§ **Provided material**
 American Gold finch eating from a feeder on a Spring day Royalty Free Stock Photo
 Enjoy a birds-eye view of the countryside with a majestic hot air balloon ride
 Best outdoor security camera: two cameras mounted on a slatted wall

...

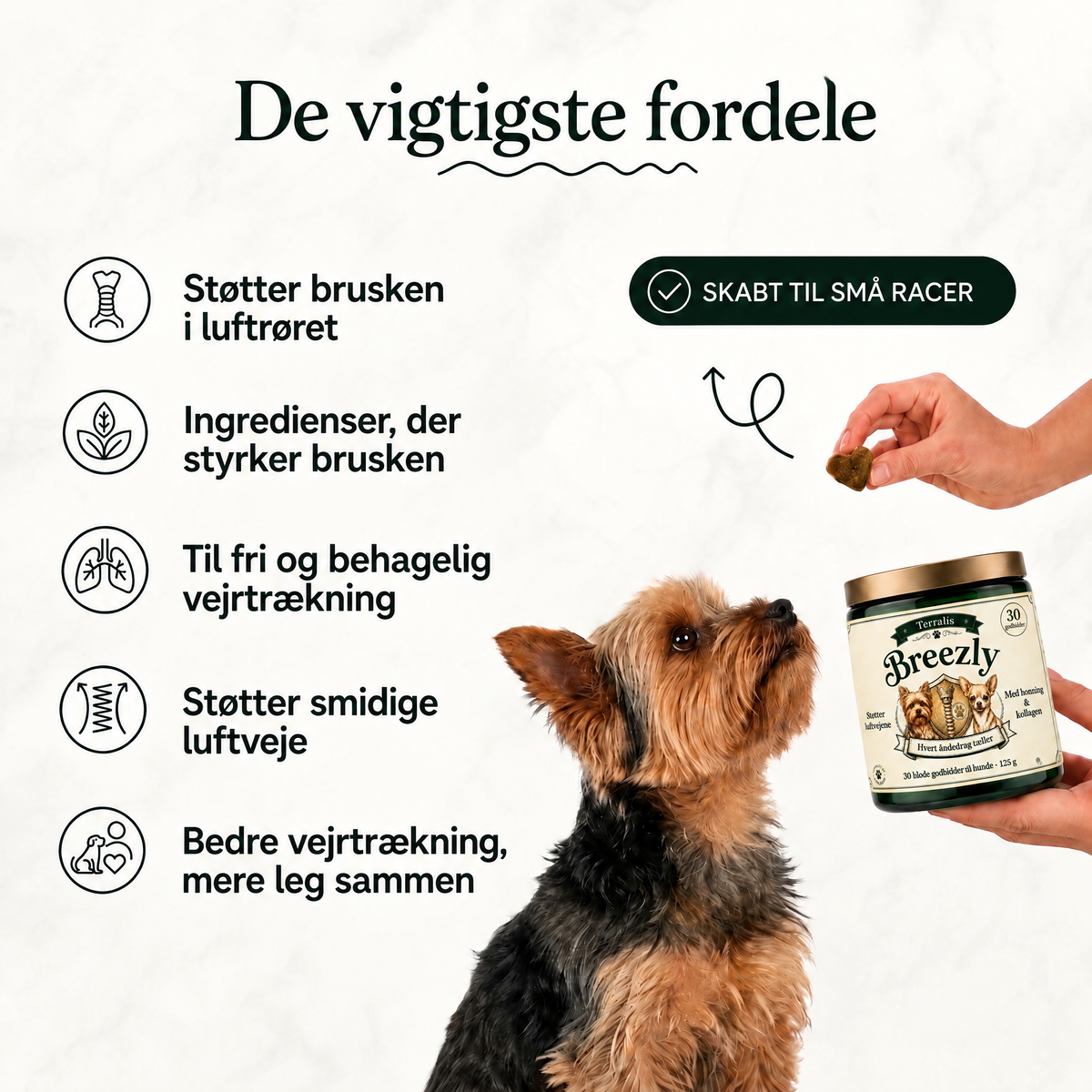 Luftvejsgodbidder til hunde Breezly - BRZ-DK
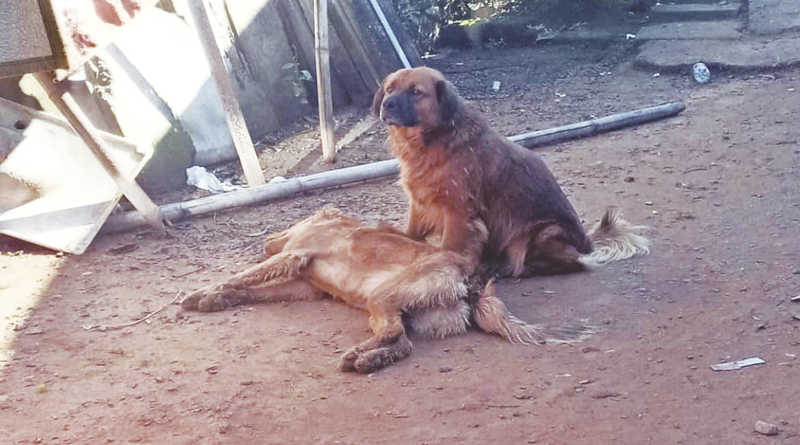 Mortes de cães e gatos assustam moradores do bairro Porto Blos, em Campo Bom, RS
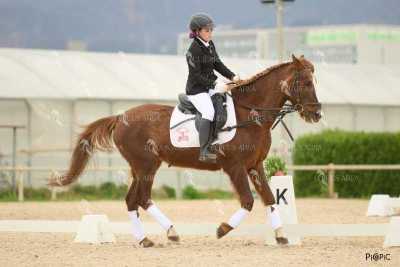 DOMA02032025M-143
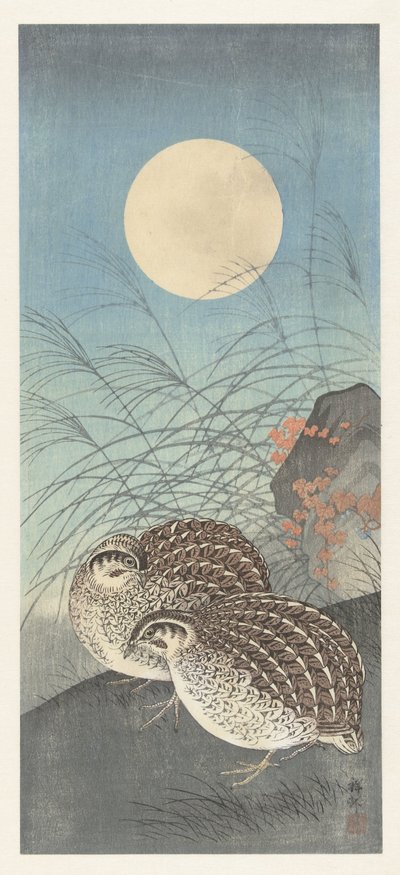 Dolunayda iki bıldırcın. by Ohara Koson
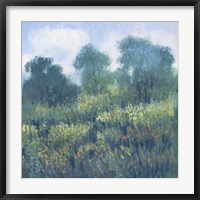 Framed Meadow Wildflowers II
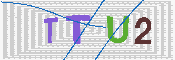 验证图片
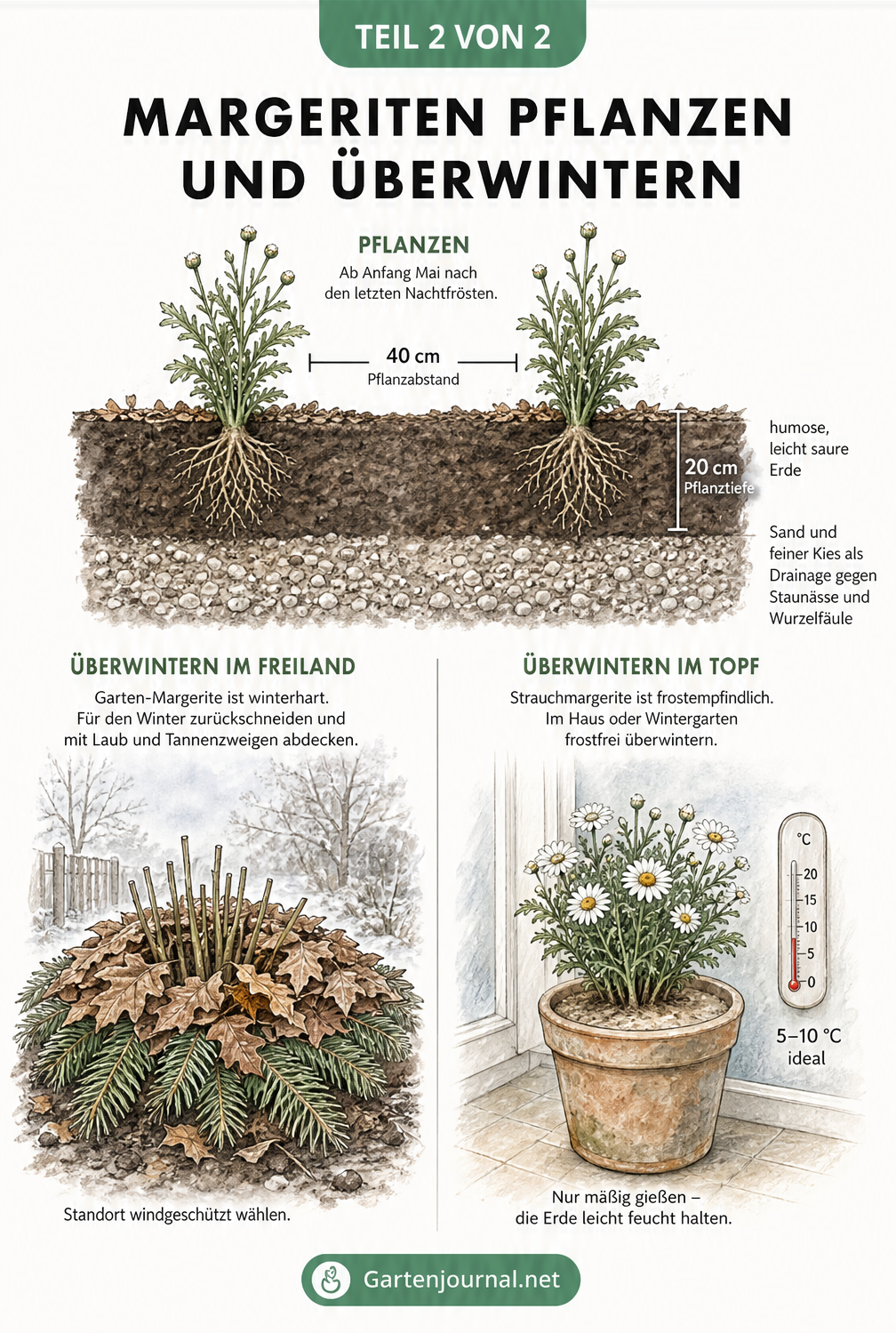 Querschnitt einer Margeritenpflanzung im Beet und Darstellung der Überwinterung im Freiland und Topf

§ **Required work**
The expected output is the lines above from the one containing "Luftvejsgodbidder til hunde Breezly - BRZ-DK" to the one containing "Querschnitt einer Margeritenpflanzung", both ends included, reproduced exactly with every picture left out.

§ **Task answer**
 Luftvejsgodbidder til hunde Breezly - BRZ-DK
 Mortes de cães e gatos assustam moradores do bairro Porto Blos, em Campo Bom, RS
 DOMA02032025M-143
 Dolunayda iki bıldırcın. by Ohara Koson
 Framed Meadow Wildflowers II
 验证图片
 Querschnitt einer Margeritenpflanzung im Beet und Darstellung der Überwinterung im Freiland und Topf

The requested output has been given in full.